Vieille rengaine méditerranéenne que celle de la femme par qui le malheur arrive, on n'est ici pas si loin que cela du mythe de la Genèse. Intéressant quand même que Pandore soit la réponse au mythe de Prométhée c'est-à-dire à la conquête humaine de la technique.

Qu'on prenne Pandore en bonne ou en mauvaise part, elle est réponse à cette double négation qui caractérise l'homme, réponse à ce qui fonde son identité : le refus d'une quelconque soumission à l'ordre naturel, le refus de n'être que ce que sa naissance l'a fait être. Équilibre naturel à l'origine, bouleversé par l'irruption de la femme qui fait sauter tous les équilibres et fait se débuter l'histoire.
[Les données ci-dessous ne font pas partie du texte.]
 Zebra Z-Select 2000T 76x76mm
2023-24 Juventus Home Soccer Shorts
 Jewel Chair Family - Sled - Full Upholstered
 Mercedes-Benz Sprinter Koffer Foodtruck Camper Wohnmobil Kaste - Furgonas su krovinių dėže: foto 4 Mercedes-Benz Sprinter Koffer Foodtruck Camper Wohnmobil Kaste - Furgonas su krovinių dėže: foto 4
La boite ouverte, ce sont tous les malheurs qui s'abattent sur l'homme, tous sauf l'espérance - en réalité la crainte, l'appréhension : ἐλπίς - restée dans la boite. Belle ode à la lutte, au combat à quoi l'homme est désormais contraint et par quoi seul il peut se construire : ἐλπίς fût-elle sortie elle aussi de la boîte que l'homme en eût été paralysé et incapable de forger son propre destin. Une lecture positive du mythe est en conséquence possible : la femme est bien celle qui pousse à faire bouger les lignes, non pas tant celle par qui le malheur arrive que celle par qui l'histoire peut commencer. Symbole de l'engendrement dont elle est l'acteur principal, la femme marque cette oscillation permanente de nos théories comme de notre être entre une nature envers quoi nous ne pouvons que nourrir dévotion et soumission et notre histoire qui atteste de manière constante notre refus du fait établi : autre façon abrupte et schématique de reposer la question nature/culture.
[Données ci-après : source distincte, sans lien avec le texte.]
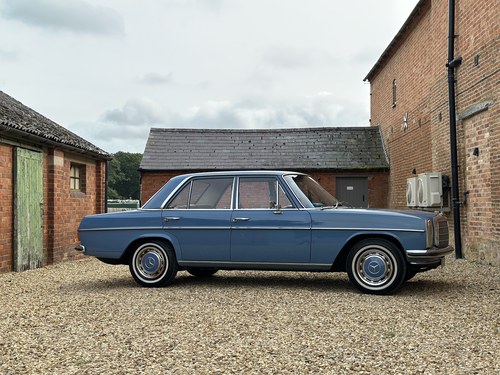 1971 Mercedes 220 Saloon. Just 55,000 Recorded Miles. SOLD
J'en veux pour autre preuve le mythe prométhéen lui-même. Epiméthée, l'imprévoyant, Ἐπιμηθεύς celui qui réfléchit après coup, ayant distribué aux animaux toutes les facultés disponibles n'eut plus rien à attribuer à l'homme. C'est Prométhée qui se chargea de confier l'art du feu, qui est la science qui contient toutes les autres, mais évidemment aussi le pouvoir de transformer la matière et donc de s'en rendre maître. Disposant ainsi du Feu sacré, l'homme peut se mesurer aux Dieux. Seul être à ne posséder aucune disposition naturelle sinon la capacité de les acquérir toutes, il est l'exemple même de l'irruption de l'histoire dans la nature. Les deux mythes reliés, puisque Pandore est la vengeance divine face au vol du feu sacré, permettent de comprendre à la fois que la maîtrise technique ne peut être entendue que comme une affirmation de la puissance humaine face aux dieux ; combien l'homme est le seul être à toujours déroger à sa nature qui est toujours plus virtuelle que réelle ; que cet écart ne peut aller sans risque, sans souffrance non plus que sans gloire ; qu'enfin la femme demeure toujours le symbole de cet écart qui est moins à entendre comme une faute que comme une destinée à accomplir.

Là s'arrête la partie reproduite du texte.